(Data items)
______________________________

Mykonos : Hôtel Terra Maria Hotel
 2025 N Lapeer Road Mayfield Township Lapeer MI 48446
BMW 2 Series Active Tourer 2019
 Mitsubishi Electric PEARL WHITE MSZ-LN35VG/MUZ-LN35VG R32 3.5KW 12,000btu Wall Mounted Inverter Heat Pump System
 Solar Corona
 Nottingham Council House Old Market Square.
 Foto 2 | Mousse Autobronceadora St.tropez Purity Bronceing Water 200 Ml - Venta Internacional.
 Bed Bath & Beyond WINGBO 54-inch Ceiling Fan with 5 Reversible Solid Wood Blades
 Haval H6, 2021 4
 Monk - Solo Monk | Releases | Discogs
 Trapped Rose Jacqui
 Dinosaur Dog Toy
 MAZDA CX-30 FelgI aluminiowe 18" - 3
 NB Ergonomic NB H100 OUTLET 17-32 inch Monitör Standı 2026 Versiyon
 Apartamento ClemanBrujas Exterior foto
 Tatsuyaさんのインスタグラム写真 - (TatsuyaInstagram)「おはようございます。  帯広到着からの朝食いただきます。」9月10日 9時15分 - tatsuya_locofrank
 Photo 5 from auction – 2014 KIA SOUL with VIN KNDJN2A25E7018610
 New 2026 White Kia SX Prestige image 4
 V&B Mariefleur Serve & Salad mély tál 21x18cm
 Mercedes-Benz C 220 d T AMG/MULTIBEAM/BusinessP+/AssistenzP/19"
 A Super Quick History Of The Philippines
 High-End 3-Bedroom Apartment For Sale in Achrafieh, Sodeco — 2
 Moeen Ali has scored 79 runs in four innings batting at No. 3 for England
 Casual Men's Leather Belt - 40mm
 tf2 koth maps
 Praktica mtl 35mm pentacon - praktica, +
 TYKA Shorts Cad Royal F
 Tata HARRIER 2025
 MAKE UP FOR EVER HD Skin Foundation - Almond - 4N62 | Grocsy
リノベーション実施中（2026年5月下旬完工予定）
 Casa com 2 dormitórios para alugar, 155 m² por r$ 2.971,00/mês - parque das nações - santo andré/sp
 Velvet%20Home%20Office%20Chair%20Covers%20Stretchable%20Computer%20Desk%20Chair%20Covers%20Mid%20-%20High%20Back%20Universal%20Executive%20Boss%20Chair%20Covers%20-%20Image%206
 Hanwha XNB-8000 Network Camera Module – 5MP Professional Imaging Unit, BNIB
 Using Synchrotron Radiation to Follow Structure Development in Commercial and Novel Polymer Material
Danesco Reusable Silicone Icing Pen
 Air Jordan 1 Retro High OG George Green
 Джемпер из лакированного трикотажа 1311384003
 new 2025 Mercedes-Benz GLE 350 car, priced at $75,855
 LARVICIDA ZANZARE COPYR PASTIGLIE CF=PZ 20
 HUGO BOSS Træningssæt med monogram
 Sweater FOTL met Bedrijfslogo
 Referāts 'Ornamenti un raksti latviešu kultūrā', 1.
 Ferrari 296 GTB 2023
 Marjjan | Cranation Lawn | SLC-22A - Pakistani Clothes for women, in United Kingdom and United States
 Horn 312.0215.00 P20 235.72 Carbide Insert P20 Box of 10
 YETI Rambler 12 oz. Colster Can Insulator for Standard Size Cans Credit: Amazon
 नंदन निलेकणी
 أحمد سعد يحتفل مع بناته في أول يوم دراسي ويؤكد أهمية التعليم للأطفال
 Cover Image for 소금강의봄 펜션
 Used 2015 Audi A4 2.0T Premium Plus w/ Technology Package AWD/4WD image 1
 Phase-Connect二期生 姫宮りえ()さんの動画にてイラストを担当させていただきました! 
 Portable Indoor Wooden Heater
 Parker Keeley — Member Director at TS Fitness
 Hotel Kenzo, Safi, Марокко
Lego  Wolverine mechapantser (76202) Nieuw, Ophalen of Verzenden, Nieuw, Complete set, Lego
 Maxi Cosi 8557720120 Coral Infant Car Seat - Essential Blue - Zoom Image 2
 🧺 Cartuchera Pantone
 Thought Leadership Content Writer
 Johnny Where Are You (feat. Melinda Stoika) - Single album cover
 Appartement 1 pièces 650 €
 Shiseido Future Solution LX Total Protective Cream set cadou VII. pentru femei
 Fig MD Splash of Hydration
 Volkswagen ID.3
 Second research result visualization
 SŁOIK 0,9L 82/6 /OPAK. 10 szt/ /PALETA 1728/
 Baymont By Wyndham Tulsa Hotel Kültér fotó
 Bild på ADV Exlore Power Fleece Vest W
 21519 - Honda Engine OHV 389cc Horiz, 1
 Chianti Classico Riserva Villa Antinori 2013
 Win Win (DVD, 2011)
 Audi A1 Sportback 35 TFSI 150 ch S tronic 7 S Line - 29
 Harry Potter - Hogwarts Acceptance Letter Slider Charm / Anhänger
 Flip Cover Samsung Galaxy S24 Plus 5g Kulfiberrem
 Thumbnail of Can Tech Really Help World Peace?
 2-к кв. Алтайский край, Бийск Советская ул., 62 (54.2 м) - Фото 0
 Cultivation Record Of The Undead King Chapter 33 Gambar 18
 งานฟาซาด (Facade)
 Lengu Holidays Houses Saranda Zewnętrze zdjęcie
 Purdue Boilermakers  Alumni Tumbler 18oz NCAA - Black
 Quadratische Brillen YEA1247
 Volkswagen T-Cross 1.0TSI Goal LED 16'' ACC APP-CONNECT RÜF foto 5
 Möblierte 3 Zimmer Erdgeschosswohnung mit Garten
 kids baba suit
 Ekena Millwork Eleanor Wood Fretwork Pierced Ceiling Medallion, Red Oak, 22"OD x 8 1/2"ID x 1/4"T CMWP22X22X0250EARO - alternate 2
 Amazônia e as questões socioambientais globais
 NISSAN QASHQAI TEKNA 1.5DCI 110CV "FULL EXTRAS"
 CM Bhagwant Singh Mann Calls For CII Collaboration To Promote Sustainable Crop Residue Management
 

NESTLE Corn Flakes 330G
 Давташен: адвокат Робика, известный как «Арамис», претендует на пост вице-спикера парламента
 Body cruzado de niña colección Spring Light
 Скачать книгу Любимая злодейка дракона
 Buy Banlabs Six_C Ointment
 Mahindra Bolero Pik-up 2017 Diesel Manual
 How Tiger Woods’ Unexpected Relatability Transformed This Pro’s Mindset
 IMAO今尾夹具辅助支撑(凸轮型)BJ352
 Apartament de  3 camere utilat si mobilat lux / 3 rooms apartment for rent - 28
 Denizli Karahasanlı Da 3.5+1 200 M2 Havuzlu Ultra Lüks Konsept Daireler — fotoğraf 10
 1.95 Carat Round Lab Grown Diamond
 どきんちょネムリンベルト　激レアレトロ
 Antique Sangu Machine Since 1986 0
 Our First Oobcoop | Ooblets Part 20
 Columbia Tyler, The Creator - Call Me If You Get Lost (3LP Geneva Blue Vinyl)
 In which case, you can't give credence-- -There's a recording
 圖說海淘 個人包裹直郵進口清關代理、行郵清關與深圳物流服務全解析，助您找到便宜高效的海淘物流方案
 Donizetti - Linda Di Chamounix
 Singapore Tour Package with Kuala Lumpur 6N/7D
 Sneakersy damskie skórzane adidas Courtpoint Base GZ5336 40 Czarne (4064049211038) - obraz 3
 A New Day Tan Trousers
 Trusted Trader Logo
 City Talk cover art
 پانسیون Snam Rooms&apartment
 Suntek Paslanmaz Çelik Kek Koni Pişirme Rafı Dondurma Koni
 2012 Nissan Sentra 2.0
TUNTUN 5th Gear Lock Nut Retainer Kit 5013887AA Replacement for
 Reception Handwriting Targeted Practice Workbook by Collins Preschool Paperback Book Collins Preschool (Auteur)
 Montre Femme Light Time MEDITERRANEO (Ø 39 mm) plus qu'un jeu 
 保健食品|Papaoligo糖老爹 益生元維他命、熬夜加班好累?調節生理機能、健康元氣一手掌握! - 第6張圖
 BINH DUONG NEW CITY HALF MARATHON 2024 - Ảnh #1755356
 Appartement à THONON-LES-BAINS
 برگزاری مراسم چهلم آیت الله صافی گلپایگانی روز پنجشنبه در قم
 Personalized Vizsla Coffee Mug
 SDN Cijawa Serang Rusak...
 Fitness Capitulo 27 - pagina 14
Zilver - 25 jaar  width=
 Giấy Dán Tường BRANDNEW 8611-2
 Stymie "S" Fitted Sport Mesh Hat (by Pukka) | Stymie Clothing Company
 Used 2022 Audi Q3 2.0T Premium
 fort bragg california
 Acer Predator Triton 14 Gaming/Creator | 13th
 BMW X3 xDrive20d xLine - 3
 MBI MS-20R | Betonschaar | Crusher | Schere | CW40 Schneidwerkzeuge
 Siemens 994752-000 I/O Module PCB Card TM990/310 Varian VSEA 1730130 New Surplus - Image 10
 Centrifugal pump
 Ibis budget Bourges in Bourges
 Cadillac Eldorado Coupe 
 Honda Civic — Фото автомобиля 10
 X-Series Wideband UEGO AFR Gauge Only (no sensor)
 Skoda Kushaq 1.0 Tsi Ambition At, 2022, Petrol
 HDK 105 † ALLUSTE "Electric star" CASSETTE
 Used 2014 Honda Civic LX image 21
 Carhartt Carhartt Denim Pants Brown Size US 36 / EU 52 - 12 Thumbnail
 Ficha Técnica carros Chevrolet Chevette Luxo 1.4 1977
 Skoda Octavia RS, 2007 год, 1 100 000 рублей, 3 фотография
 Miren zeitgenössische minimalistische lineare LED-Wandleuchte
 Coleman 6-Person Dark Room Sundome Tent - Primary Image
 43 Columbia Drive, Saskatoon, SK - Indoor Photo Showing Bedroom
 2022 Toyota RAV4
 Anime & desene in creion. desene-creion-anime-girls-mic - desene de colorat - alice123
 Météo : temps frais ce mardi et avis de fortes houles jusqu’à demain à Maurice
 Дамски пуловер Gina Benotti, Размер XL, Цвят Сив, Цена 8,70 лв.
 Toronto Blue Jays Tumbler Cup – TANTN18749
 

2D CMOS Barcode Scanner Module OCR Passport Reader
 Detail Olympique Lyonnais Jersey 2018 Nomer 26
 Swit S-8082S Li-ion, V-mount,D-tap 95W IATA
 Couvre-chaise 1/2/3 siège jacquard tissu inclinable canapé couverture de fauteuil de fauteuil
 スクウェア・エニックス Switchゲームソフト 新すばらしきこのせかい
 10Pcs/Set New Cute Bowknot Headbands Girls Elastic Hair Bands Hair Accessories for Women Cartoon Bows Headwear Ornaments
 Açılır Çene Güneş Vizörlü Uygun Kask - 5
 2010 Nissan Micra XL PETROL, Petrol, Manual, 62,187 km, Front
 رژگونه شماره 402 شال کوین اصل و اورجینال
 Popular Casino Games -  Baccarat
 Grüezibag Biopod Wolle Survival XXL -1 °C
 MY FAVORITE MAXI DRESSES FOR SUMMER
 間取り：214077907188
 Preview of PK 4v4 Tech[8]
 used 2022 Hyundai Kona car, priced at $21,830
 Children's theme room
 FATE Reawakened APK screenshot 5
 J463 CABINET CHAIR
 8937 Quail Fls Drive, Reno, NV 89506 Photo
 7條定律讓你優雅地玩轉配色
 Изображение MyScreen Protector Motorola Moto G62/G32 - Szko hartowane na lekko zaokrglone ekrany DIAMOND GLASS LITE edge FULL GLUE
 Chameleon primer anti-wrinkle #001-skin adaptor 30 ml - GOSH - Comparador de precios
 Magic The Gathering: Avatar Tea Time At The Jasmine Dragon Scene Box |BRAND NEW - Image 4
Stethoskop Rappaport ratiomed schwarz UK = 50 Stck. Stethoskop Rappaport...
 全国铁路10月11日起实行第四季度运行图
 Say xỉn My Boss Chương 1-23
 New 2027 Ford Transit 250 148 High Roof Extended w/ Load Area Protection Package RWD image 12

______________________________

▸ **Exercise details**: Would you please repeat exactly the lines above, starting at the line with "Buy Banlabs Six_C Ointment" and stopping at the line with "どきんちょネムリンベルト　激レアレトロ", both included?

▸ **Written answer**:
 Buy Banlabs Six_C Ointment
 Mahindra Bolero Pik-up 2017 Diesel Manual
 How Tiger Woods’ Unexpected Relatability Transformed This Pro’s Mindset
 IMAO今尾夹具辅助支撑(凸轮型)BJ352
 Apartament de  3 camere utilat si mobilat lux / 3 rooms apartment for rent - 28
 Denizli Karahasanlı Da 3.5+1 200 M2 Havuzlu Ultra Lüks Konsept Daireler — fotoğraf 10
 1.95 Carat Round Lab Grown Diamond
 どきんちょネムリンベルト　激レアレトロ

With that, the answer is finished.